> _Data shown_:
****

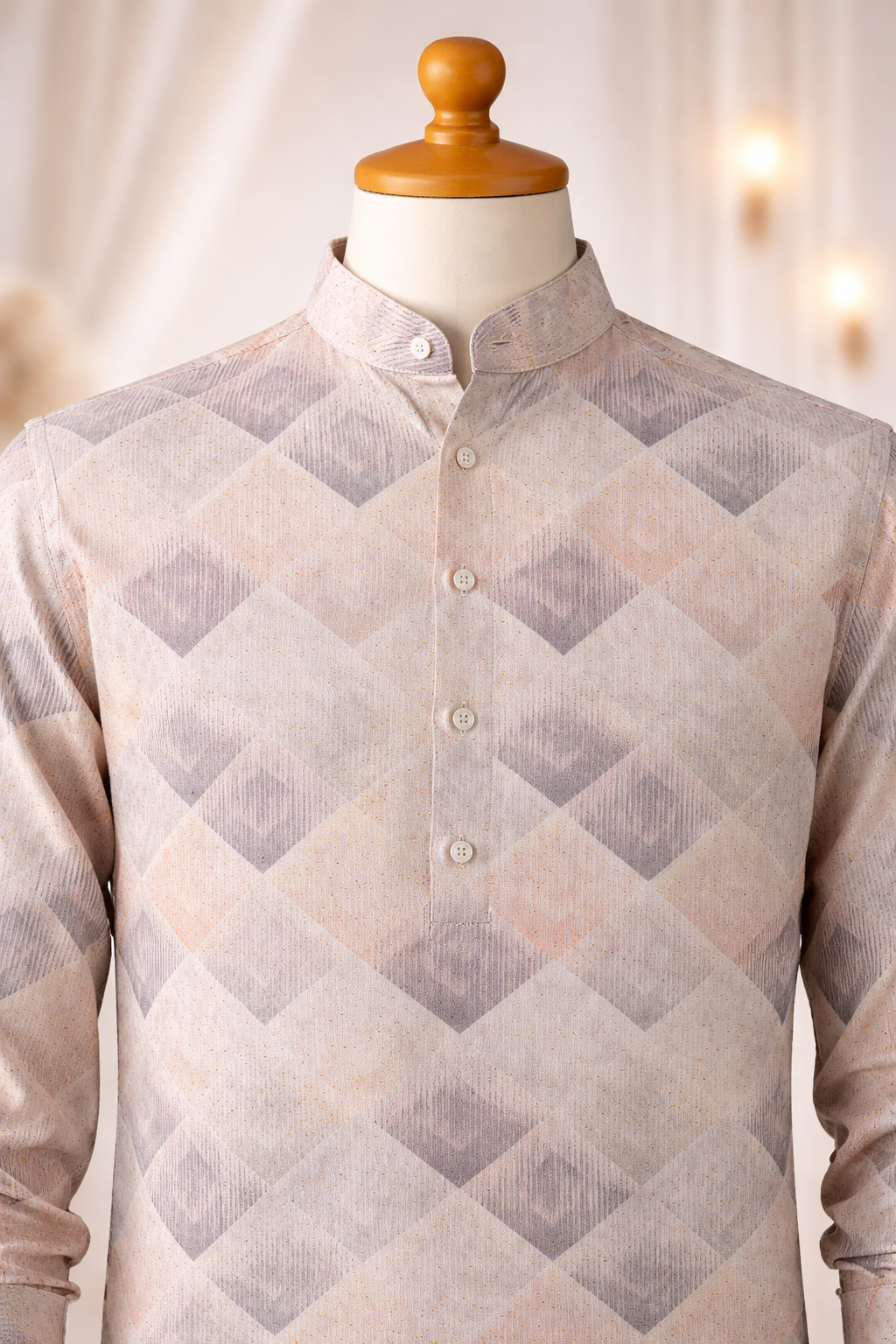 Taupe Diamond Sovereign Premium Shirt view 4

****

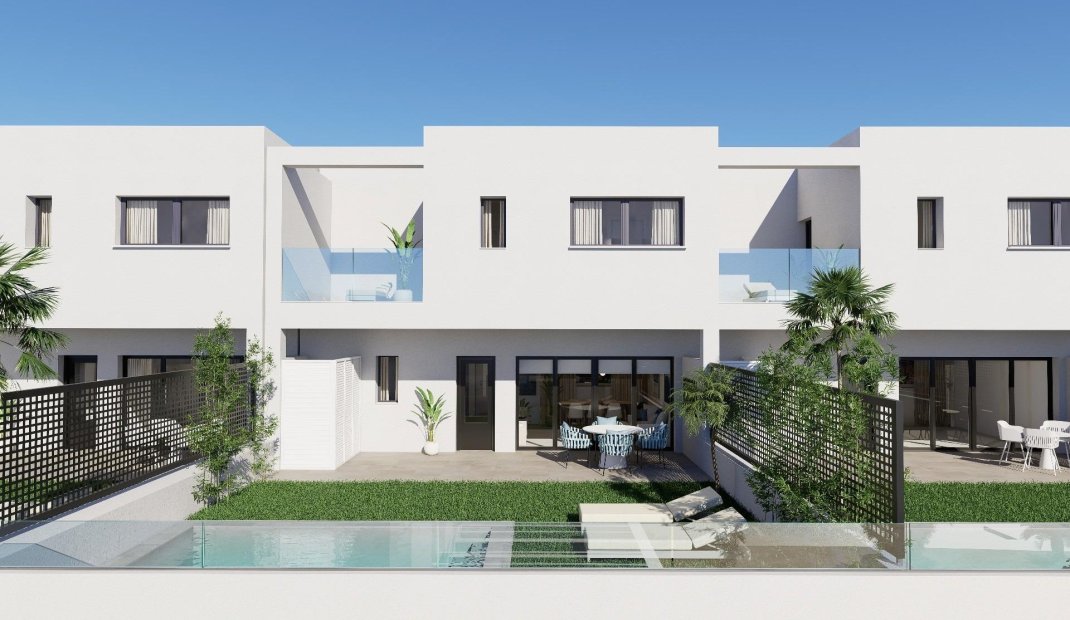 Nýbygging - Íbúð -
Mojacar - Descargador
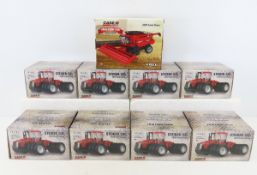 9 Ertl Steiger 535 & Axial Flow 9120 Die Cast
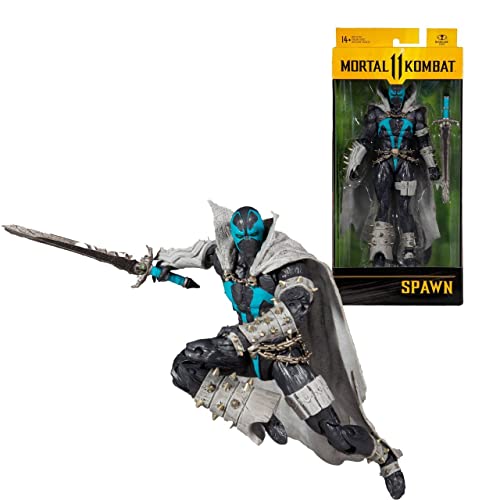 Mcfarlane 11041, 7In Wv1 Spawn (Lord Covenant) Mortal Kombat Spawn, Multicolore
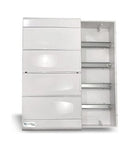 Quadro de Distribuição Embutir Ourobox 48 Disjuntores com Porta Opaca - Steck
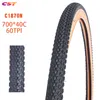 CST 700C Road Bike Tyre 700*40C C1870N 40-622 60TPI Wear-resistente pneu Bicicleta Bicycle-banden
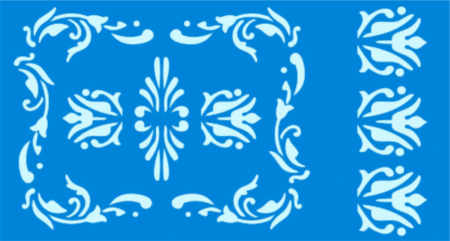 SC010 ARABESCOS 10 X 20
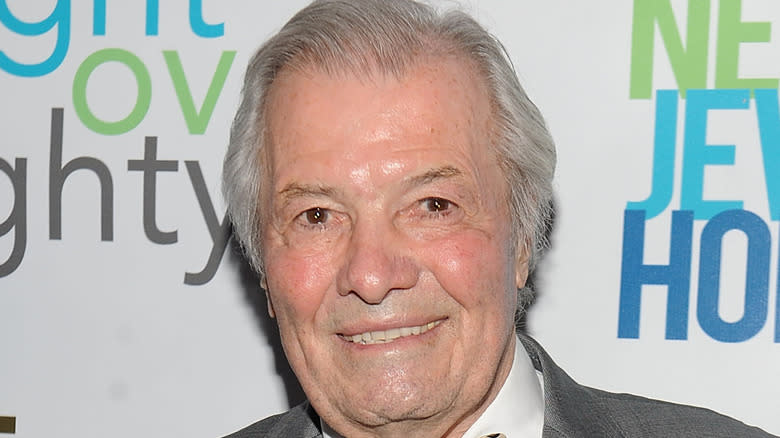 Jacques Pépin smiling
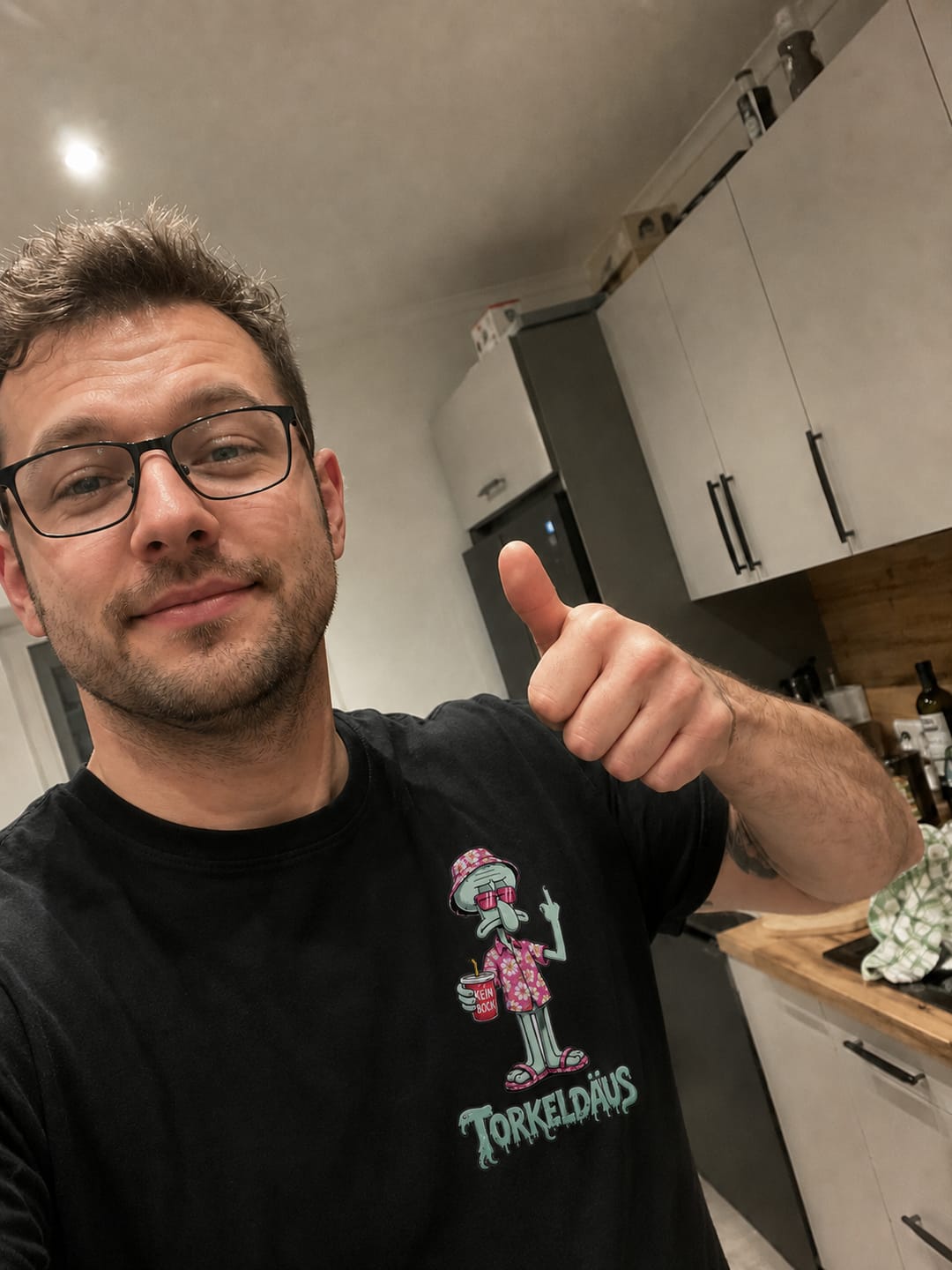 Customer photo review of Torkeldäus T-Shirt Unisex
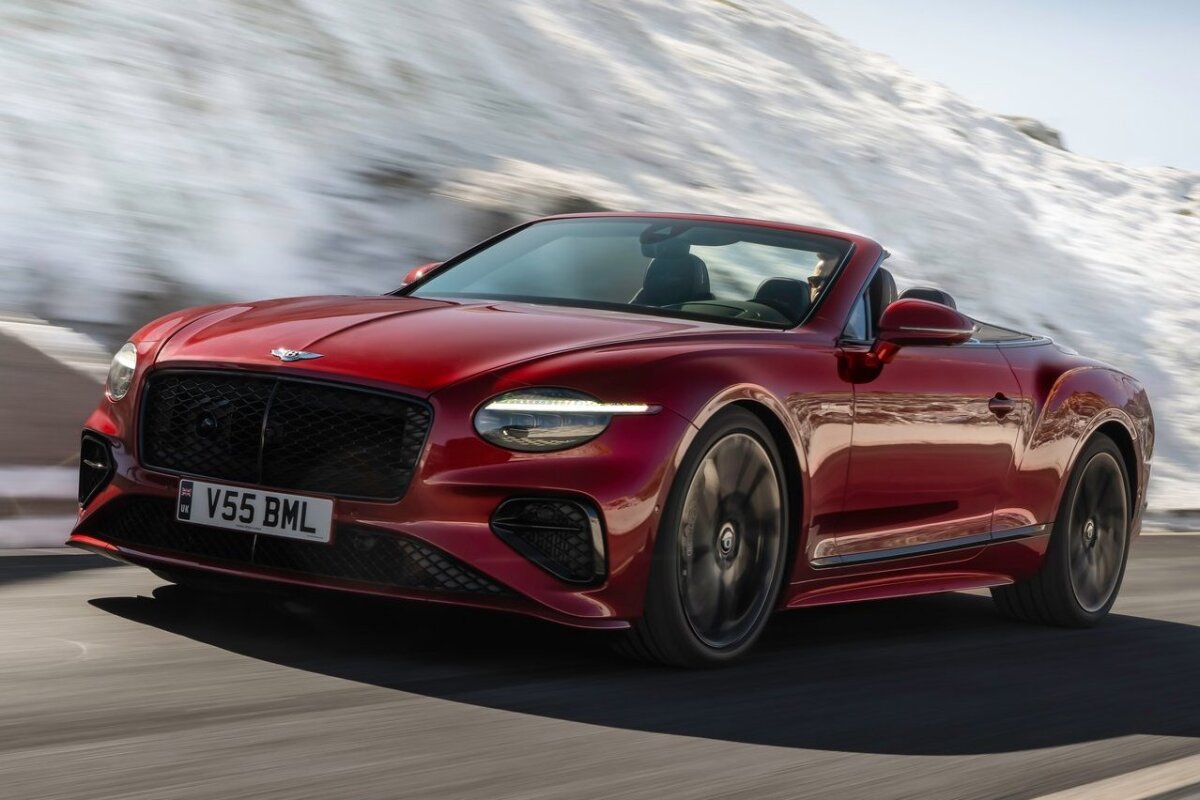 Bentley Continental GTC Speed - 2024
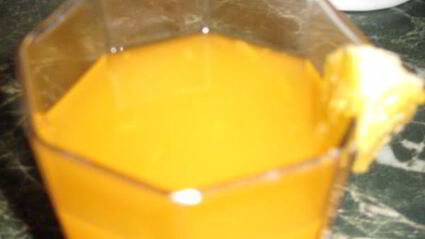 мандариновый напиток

****

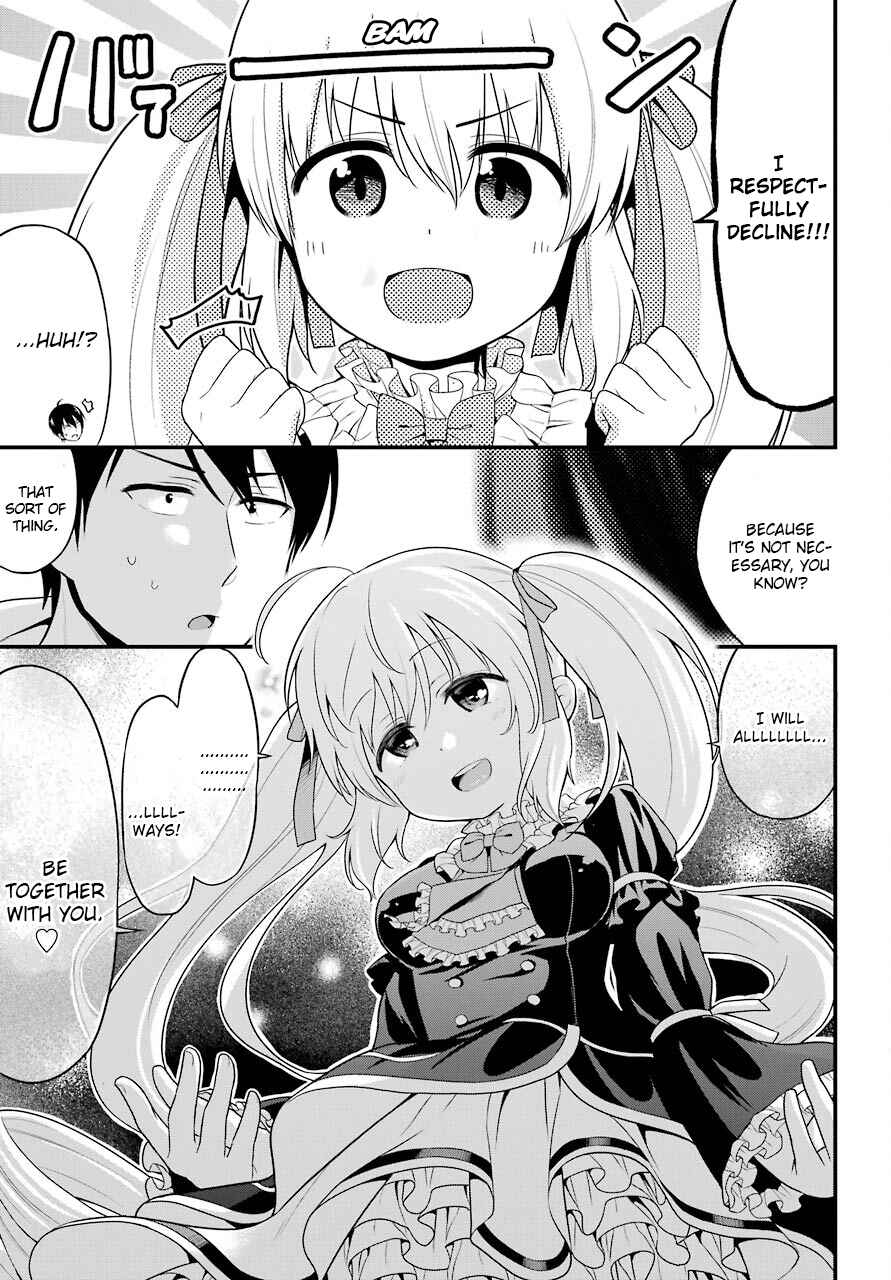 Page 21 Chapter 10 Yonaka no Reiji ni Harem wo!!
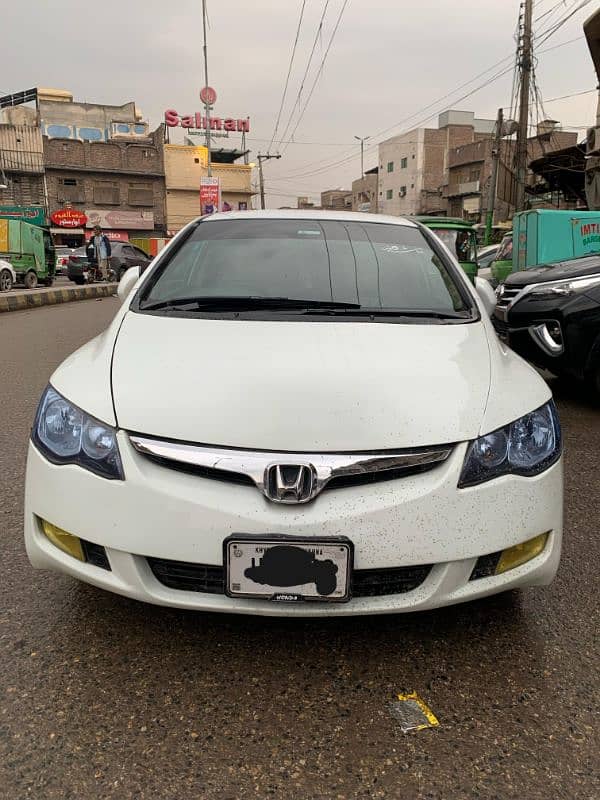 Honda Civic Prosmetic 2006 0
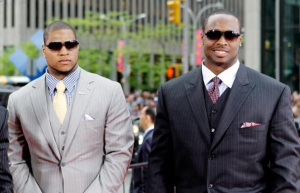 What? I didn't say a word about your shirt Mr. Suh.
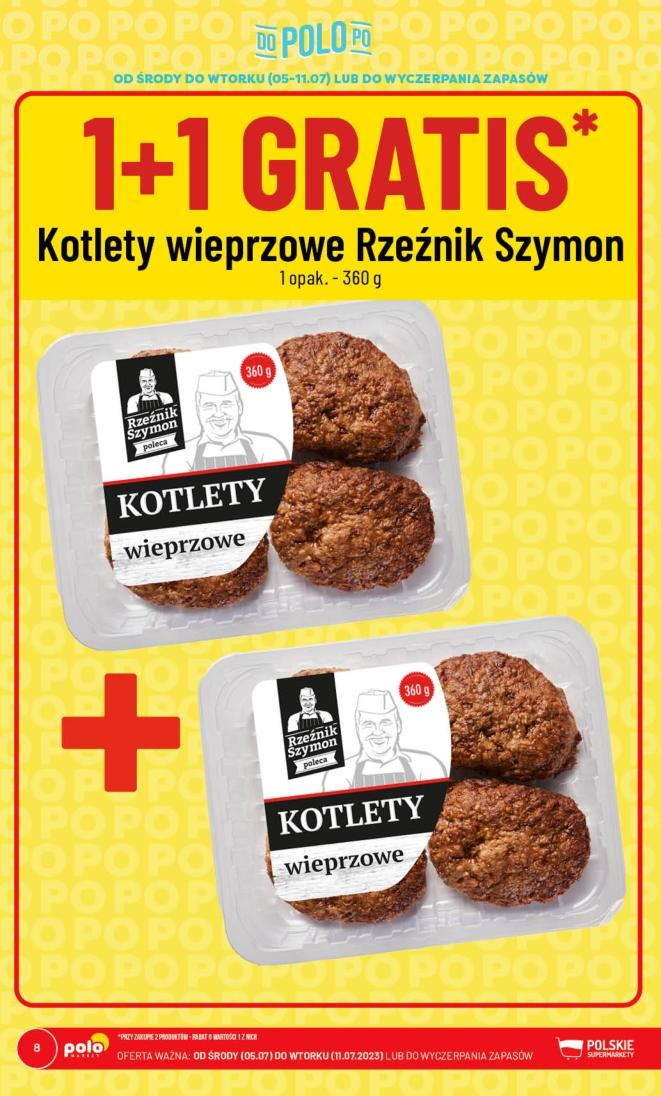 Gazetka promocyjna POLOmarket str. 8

****

> _Directions for this task_:
Only the lines of the listing above from the one with "Mcfarlane 11041, 7In" through the one with "мандариновый напиток" should be output, exactly, with both ends kept and pictures left out.

> _Answer section_:
 Mcfarlane 11041, 7In Wv1 Spawn (Lord Covenant) Mortal Kombat Spawn, Multicolore
 Quadro de Distribuição Embutir Ourobox 48 Disjuntores com Porta Opaca - Steck
 CST 700C Road Bike Tyre 700*40C C1870N 40-622 60TPI Wear-resistente pneu Bicicleta Bicycle-banden
 SC010 ARABESCOS 10 X 20
 Jacques Pépin smiling
 Customer photo review of Torkeldäus T-Shirt Unisex
 Bentley Continental GTC Speed - 2024
 мандариновый напиток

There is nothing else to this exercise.